Thu Oct 30 14:39:32 EST 2003

> In general I love Python for text manipulation but at our 
> company we
> have the need to manipulate large text values stored in 
> either a SQL
> Server database or text files. This data is stored in a 
> "text" field
> type and is definitely not unicode though it is often very strange
> text since it is either OCR or some kinda electronic file 
> extraction.

Issue #1: You need to find out what encoding is being used. You cannot
hope to gloss over this fact, and ignore Unicode altogether and just
"get on with life". Read
http://www.joelonsoftware.com/articles/Unicode.html for a recent,
well-written plea on this issue. You should probably not finish reading
my post until you've read that, or my comments will seem needlessly
biting.

> Unfortunately when it is retrieved into a string type in 
> python it is invariably a unicode type string.

Issue #2: What method is being used to "retrieve into a string type"?
Show some code.

> The best I can do is try and encode
> it to 'latin-1' but that will often throw and error if I use the
> ignore parameter then it will wack my data with a bunch of "?".

Again, you need to find out what encoding the text is in before the
"retrieval". MSSQL2k, for example, can have a different code page in use
for each collation. You need to find out what that is for your data.
Then, when the unicode() coercion is performed, you will be able to
correctly inform that factory function what you're sending it. However
you find out, for heaven's sake, don't GUESS.

Issue #3: Your data is probably being "wacked" on your display, not in
and of itself. In other words, the characters themselves are probably
correct, functioning unicode; however, your display (which is.. what?
web page? DOS prompt?) is unable to display unicode using the default
encoding. It may be possible for you to find out which encodings your
display supports and properly encode() the data before it is sent to the
display device.

> I am just not understanding why python is thinking stuff is 
> unicode and why
> it is failing on conversion. There is no way that a byte 
> can not be between 0 and 255 right?

Right. Unless it's actually two bytes, like UCS-2 (which IIRC SQL Server
uses extensively), and your database or other application is trying to
insulate the poor little overworked programmer (you) from that fact. Or
UTF-8, which can take up to six bytes per glyph.

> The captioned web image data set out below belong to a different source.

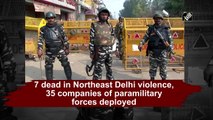 7 dead in Northeast Delhi violence, 35 companies of paramilitary forces deployed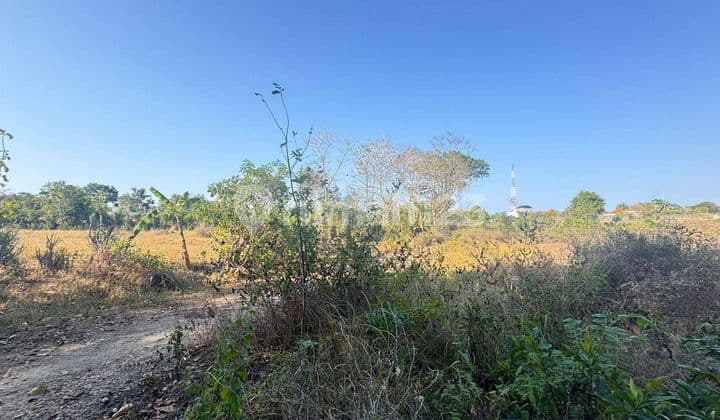Dijual tanah lokasi pandawa kutuh kuta selatan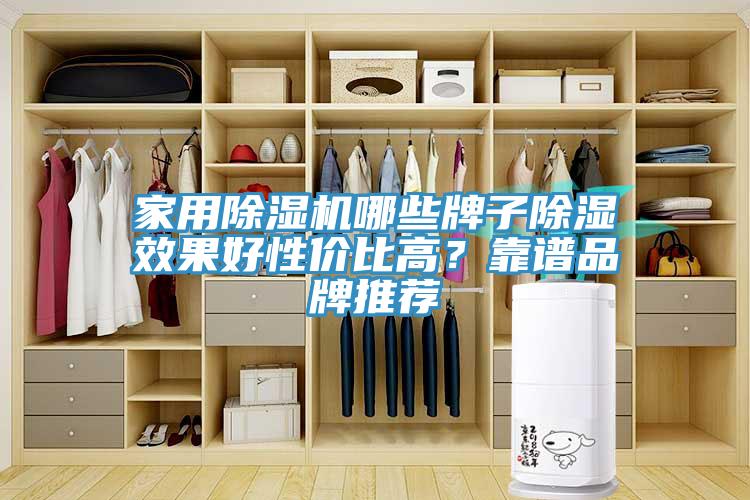 家用除濕機哪些牌子除濕效果好性價比高？靠譜品牌推薦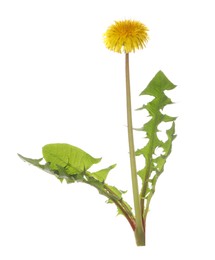 Photo of Beautiful blooming dandelion plant on white background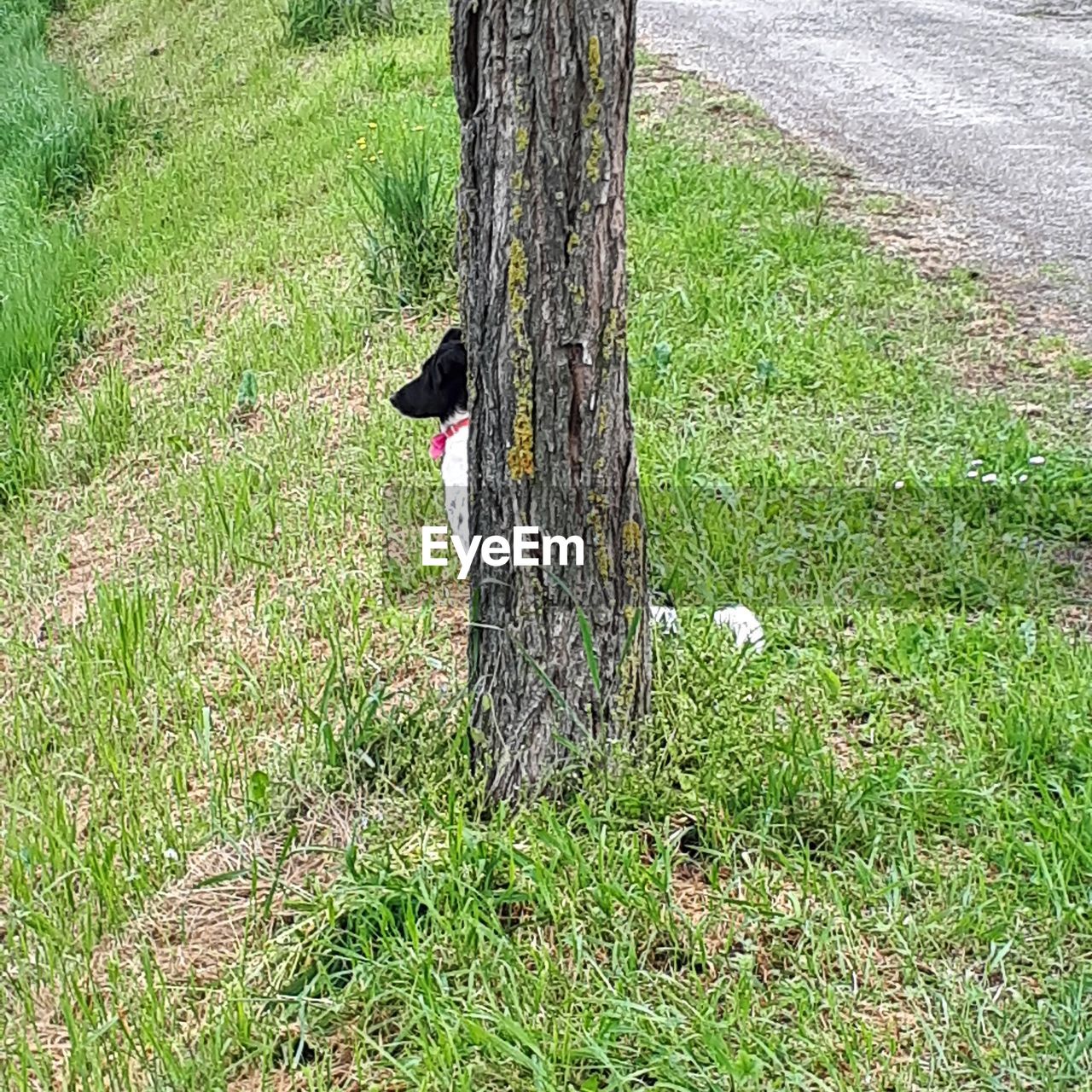 VIEW OF A BIRD ON TREE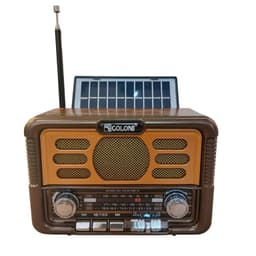 Radio Solar Con Bateria Incorporada Bluetooth
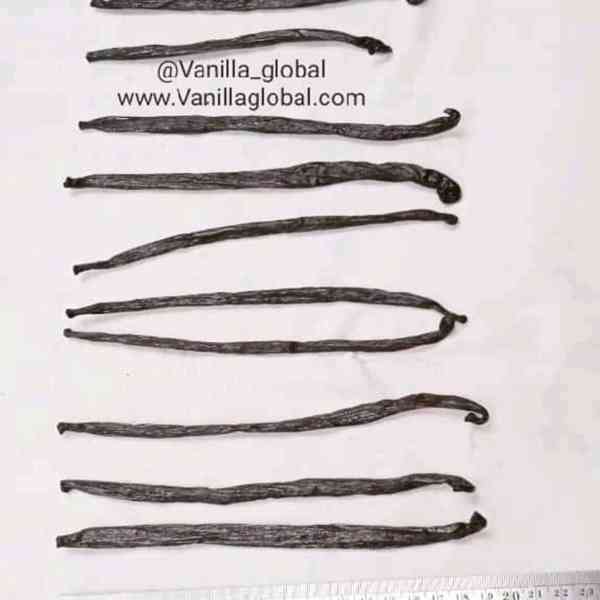 African Vanilla Exporters and Importers Near Me - Vanilla Be - foto 3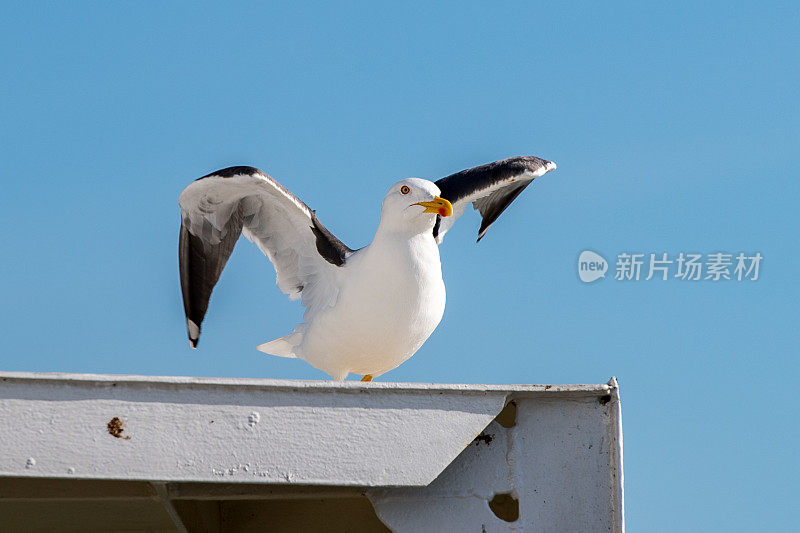 小黑背鸥起飞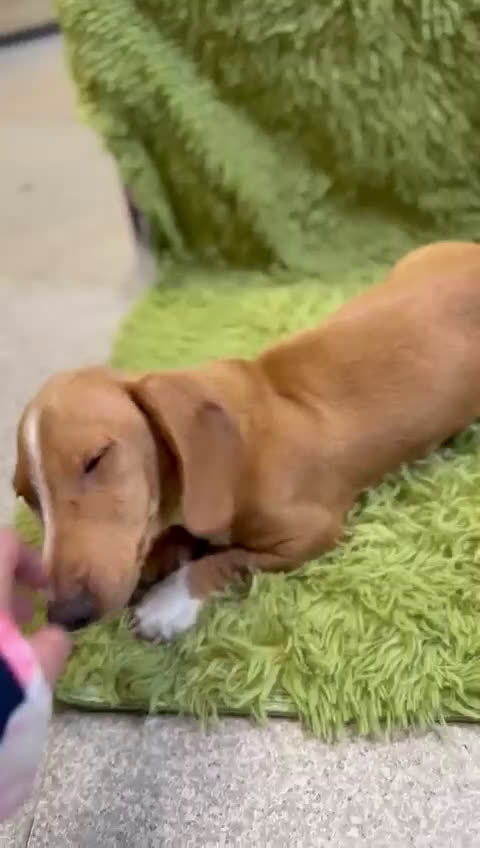 Teckel perros en venta: Teckel  rojo de ojos azules  - Video 1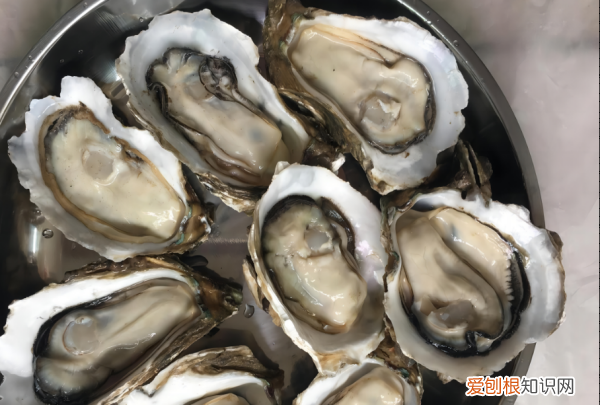 带壳生蚝可以冷冻保存吗，带壳生蚝直接放冰箱冷冻可以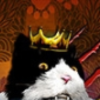 è�ľ���Catsperience�����ⰲװ��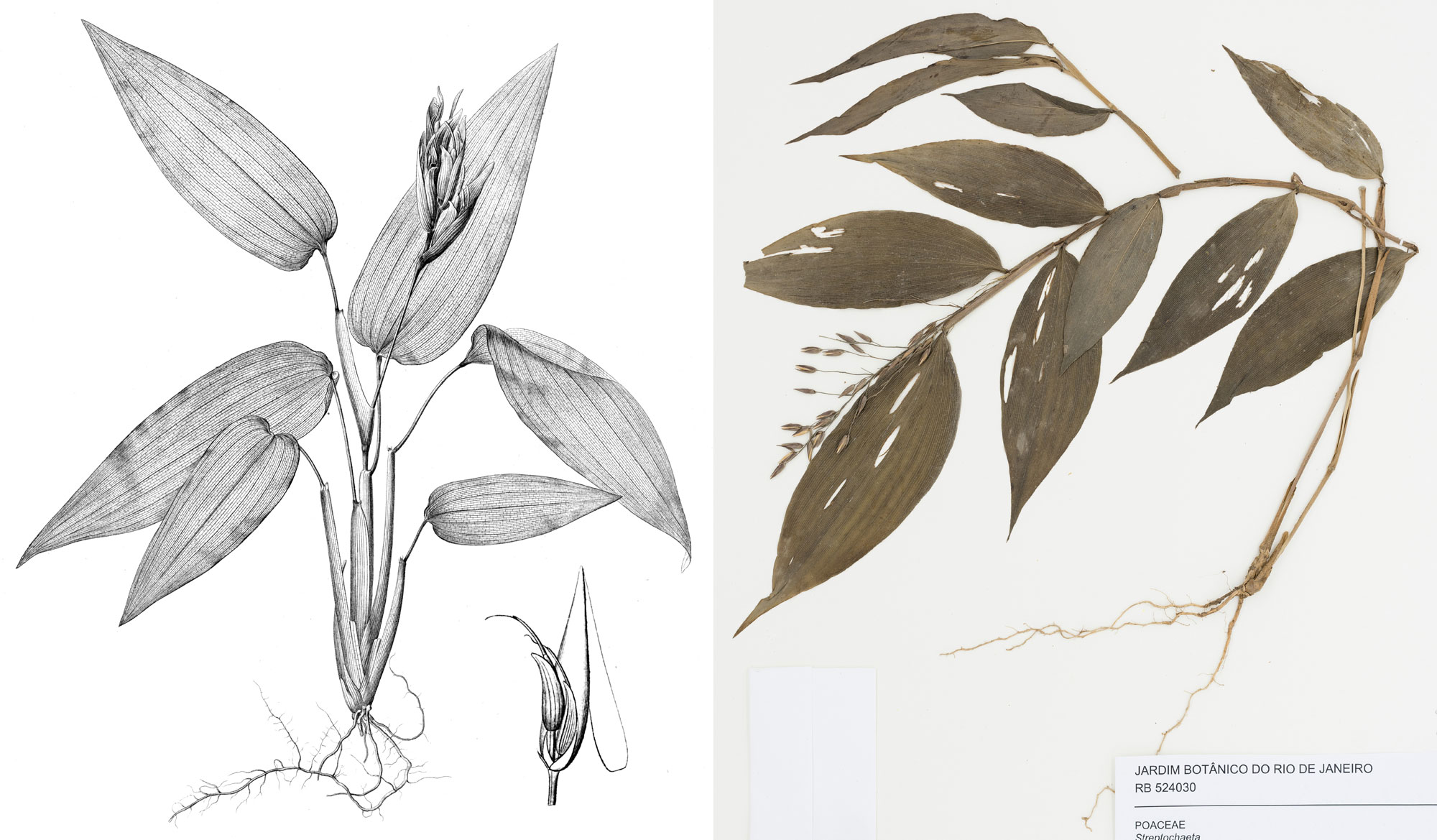 2-panel figure showing grasses in Anomochlooideae. Panel 1: Line drawing of a plant. The drawing shows a small plant with ovate leaves and an inflorescence. Panel 2: Photograph of a herbarium specimen showing a stem, alternately arranged elliptical leaves, and a terminal inflorescence.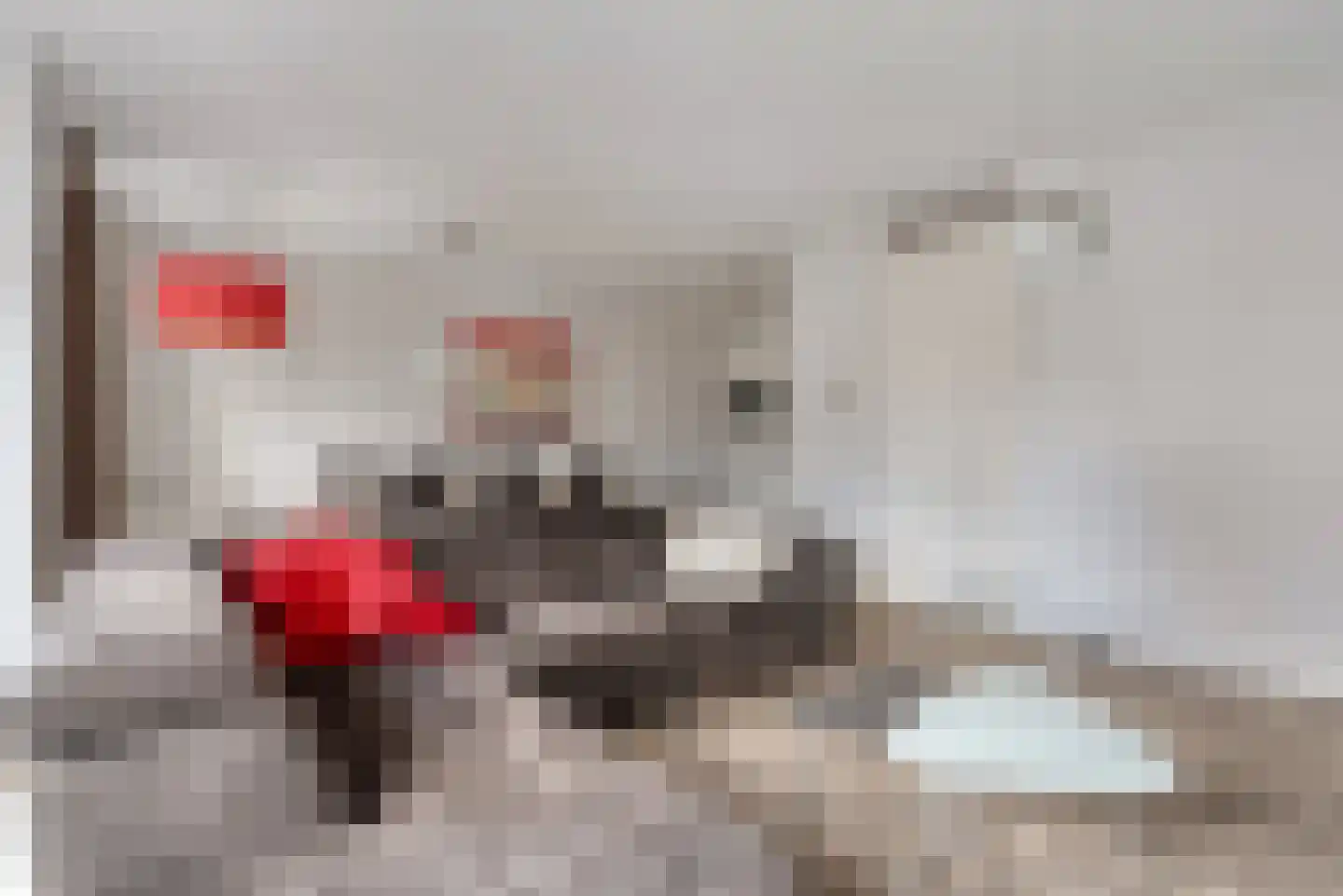 De Smeedtoren 12 Sluis thumbnail 13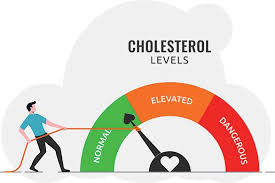 Tips for Maintaining Healthy Cholesterol Levels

Etcetera.

> This problem can be so haunting that I will
> start to wish I had coded the solution in VB where at 
> least a string is a string is a string.

Or at least, a string is something which VB isn't going to elaborate on,
because some poor overworked programmers don't really *need* to
understand Unicode--we'll "help them out" by not mentioning it, and hope
it doesn't come back to bite them.

> Is there a way to modify Python so that all
> strings will always be single byte strings since we have 
> no need for Unicode support?

unicode = str? >:) Just kidding.

Issue #4: You have a need for Unicode support. You just don't know it
yet. ;)

> Any solutions or suggestions to my biggest Python
> annoyance would be greatly appreciated.

>From my point of view, it seems like a Unicode (and those who would
"protect" you from it) annoyance, not a Python one.

    "There's a set of rules that anything that was in the world
     when you were born is normal and natural. Anything invented
     between when you were 15 and 35 is new and revolutionary and
     exciting, and you'll probably get a career in it. Anything in-
     vented after you're 35 is against the natural order of things."

Douglas Adams

Robert Brewer
MIS
Amor Ministries
fumanchu at amor.org